Jaguar Scholars Leadership Program roars into community action
January 17, 2021
One of the first mistakes that one can make about the Jaguar Scholars Leadership Program (JSLP) is assuming that it is simply a club. In reality, it is much more than that. It is an accomplished program for students to become the “leader of the leaders” while also developing close relationships with each other to benefit the local community.
In the spring of 2017, history teacher Jerome Price founded the first branch of JSLP at Julius West Middle School. After realizing the lack of opportunities presented to students from underrepresented groups, Mr. Price wanted to create a program dedicated to providing them exposure to leadership examples. “The program is designed for high-achieving students who want to make a difference within their community, both school and city. … In JSLP, student members are not only mentored and exposed to great leaders, they are [also] routinely put into a position to lead others,” Mr. Price said.
Every month, JSLP hosts general body meetings for its 75 members to build community and confer about leadership development topics. Examples include student leaders presenting in regard to recent news and education inequality. Although Mr. Price often presents, students are also given the chance to speak and lead breakout rooms. Vice President Jaiden Burney said, “We go into breakout rooms where we talk about our bud, rose and thorn. The rose is something that’s good that’s happening in your life. The thorn is something that you’re not looking forward to, and then a bud is what you are looking forward to.”
What many members find unique about JSLP is its “second family”-like bond. Many of its members have been involved since seventh- or eighth-grade, which has served to strengthen their bonds over time. “Each meeting is really different because typically, our meetings start with Mr. Price greeting everyone. He literally knows every person — he knows what’s happening at home, what you’re doing before and after school, he knows literally your entire life,” Burney said.
Before the pandemic, a huge part of JSLP was its mentorship program at Twinbrook Elementary School. Every week, JSLP members would visit a classroom of fourth- or fifth-graders to help them complete homework while also having fun together.
“We go into this random classroom, and then we will usually have them pull out their homework for that day, like an assignment they have due in a couple of days or maybe something they just have to work on,” Diego Varisco, a member of JSLP’s Executive Board, said. “And we just help them out.
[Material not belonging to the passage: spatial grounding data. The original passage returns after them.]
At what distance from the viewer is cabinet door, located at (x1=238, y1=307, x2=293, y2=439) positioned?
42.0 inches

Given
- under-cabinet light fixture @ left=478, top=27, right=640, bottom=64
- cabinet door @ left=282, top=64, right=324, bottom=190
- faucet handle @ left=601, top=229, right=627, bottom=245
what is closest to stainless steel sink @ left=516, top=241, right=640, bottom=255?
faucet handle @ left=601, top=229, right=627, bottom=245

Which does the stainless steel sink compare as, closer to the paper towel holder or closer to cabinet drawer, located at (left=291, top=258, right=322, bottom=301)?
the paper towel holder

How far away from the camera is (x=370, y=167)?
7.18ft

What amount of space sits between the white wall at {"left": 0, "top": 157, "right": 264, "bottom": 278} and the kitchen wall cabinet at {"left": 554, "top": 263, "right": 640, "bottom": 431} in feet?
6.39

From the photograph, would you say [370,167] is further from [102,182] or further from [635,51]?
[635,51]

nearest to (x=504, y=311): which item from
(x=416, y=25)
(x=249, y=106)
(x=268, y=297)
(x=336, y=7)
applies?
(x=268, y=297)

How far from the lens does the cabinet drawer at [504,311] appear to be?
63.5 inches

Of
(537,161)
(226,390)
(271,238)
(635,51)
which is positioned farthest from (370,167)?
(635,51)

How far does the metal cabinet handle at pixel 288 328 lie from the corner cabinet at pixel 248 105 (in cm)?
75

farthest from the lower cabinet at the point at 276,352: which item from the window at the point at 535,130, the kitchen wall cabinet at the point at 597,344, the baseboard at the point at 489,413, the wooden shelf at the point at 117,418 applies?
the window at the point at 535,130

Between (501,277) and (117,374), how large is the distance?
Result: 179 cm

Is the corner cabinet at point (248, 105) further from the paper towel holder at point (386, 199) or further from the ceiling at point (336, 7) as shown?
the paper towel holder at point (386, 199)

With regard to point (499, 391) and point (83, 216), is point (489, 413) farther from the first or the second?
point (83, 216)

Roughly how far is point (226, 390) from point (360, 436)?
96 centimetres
We’re not going to be like, ‘Alright, finish it.’ We’re not going to be restrictive. We usually try to have a good time because when you have a good time, you have a good experience, and then you’re able to learn way better.”
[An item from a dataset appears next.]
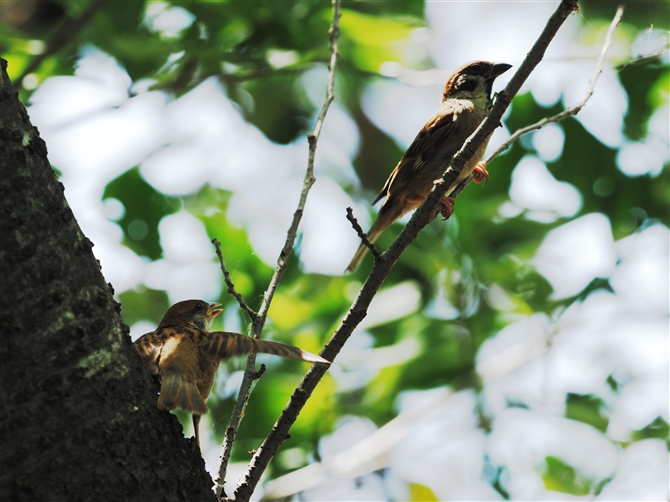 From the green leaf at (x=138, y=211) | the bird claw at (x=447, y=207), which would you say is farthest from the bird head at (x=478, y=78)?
the green leaf at (x=138, y=211)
Thanks to the work of the JSLP mentorship program, JSLP has seen the academic performance of the elementary school students improve and their personalities develop. The mentors themselves also feel pride and fulfillment from seeing the growth they are helping to further. “Tutoring is not to do it just to be done—the tutoring is to impact someone’s life. Even though it’s a one-hour session, a one-hour session, or even five minutes, can make a huge influence on someone in fifth- or fourth-grade,” Varisco said.
JSLP has also previously met elected leadership officials, including the Rockville mayor Bridget Newton, Montgomery County Council members and the late U.S. Rep. John Lewis. “We’ve had all these people come talk to us about what we can do, and it’s taught me that your age doesn’t prohibit you from speaking out and doing something if you see a problem,” Burney said.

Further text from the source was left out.